Связь между численностью населения и определенной полезностью эволюционных форм практики, институтов человеческого взаимодействия не такая уж новость. Идея, что возможность обмена стала источником первых форм разделения труда, что мера такого разделения не может быть ограничена размерами рынка как самой этой возможности -- одна из самых глубоких интуиций Адама Смита [Smith A. An Inquiry into the Nature and causes of the Wealth of Nations, 1776; Fragments on the Division of Labour, in: Lectures on Jurisprudence, 1978].
Было достаточно быстро подмечено, что практику конкурентного рынка пытаются вытеснить те, кто преследует иные цели, чем производство. Не только Джон Локк в своем "Трактате о гражданском правлении" 1690 г., но и американец Джеймс Салливан в 1795 г. заметил, что, когда американские индейцы были вытеснены европейскими колониями, та же земля стала местом процветания для 550 мыслящих трудяг, где раньше один охотник едва находил способ прокормить себя.
Я уверен, что социализм представляет собой угрозу для настоящего и будущего человечества, ибо только рыночный порядок может поддержать существование нынешнего населения мира. Идея, что рост населения угрожает миру обнищанием, -- просто ошибка и эксцесс мальтузианской теории. Мальтус полагал, что человеческий труд можно считать гомогенным фактором производства. Эта посылка была не очень далека от истины в ту эпоху, хотя тот же Мальтус открыл и закон снижения производительности, согласно которому рост числа рабочих ведет к снижению того, что сегодня называют маргинальной производительностью, и дохода рабочего. Например, в частности, если лучшие земли были бы поделены оптимальным образом на куски. Суть двух теорем Мальтуса неплохо излагает Макклиери [McCleary G.F. The Malthusian Population Theory, London, 1953].
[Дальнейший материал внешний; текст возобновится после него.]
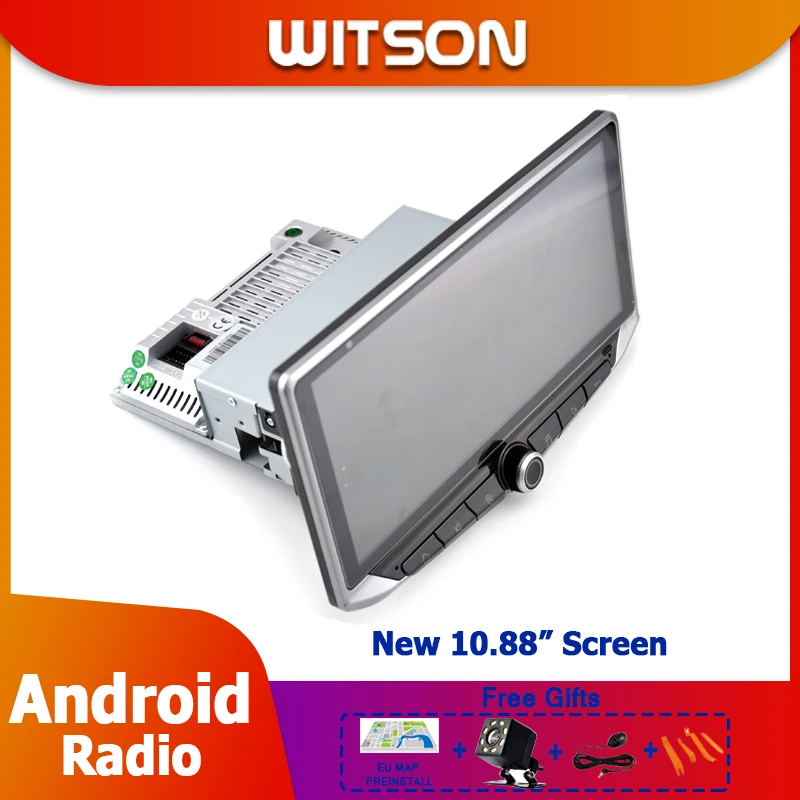 WITSON CarPlay Car Radio GPS Audio 10.88\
Однако позднее условия изменились, труд обнаружил свою негомогенную природу, что стало основой специализации. Интенсивность обмена и улучшение техники коммуникации и транспорта повышает эффективность разделения труда, ведет к радикальной специализации, делает возможным развитие новых факторов, увеличивающих производительность. Естественные и благоприобретенные способности, дополнительные во многих случаях, помогают рабочим по-разному добиваться приемлемых рыночных цен. Добровольную специализацию порождает разница в ожидаемой компенсации. Поэтому в областях с более плотным населением применяются технологии, которые будут бесполезны в малонаселенных районах. Если есть необходимый капитал, отработанные в других странах технологии можно быстро приспособить в нужном месте. Простой факт мирного сосуществования множества людей делает возможным использование большего объема ресурсов.
С пониманием негомогенного характера труда выводы Мальтуса теряют свое значение. Рост населения по причине последующей дифференциации делает возможным еще больший его прирост, что повлечет такое самоускорение, которое способно в неопределенном времени опередить и реквизировать накопления роста материальной и духовной цивилизации.
Следовательно, не просто люди, и люди с разными способностями дают возможность продуктивного роста. Люди стали сильнее, ибо они стали разными. Новые возможности специализации из-за растущей дифференциации индивидуального начала составляют основу наилучшего использования земных ресурсов. В свою очередь, это ведет к расширению сети непрямых услуг, обеспеченных механизмом рыночной сигнализации.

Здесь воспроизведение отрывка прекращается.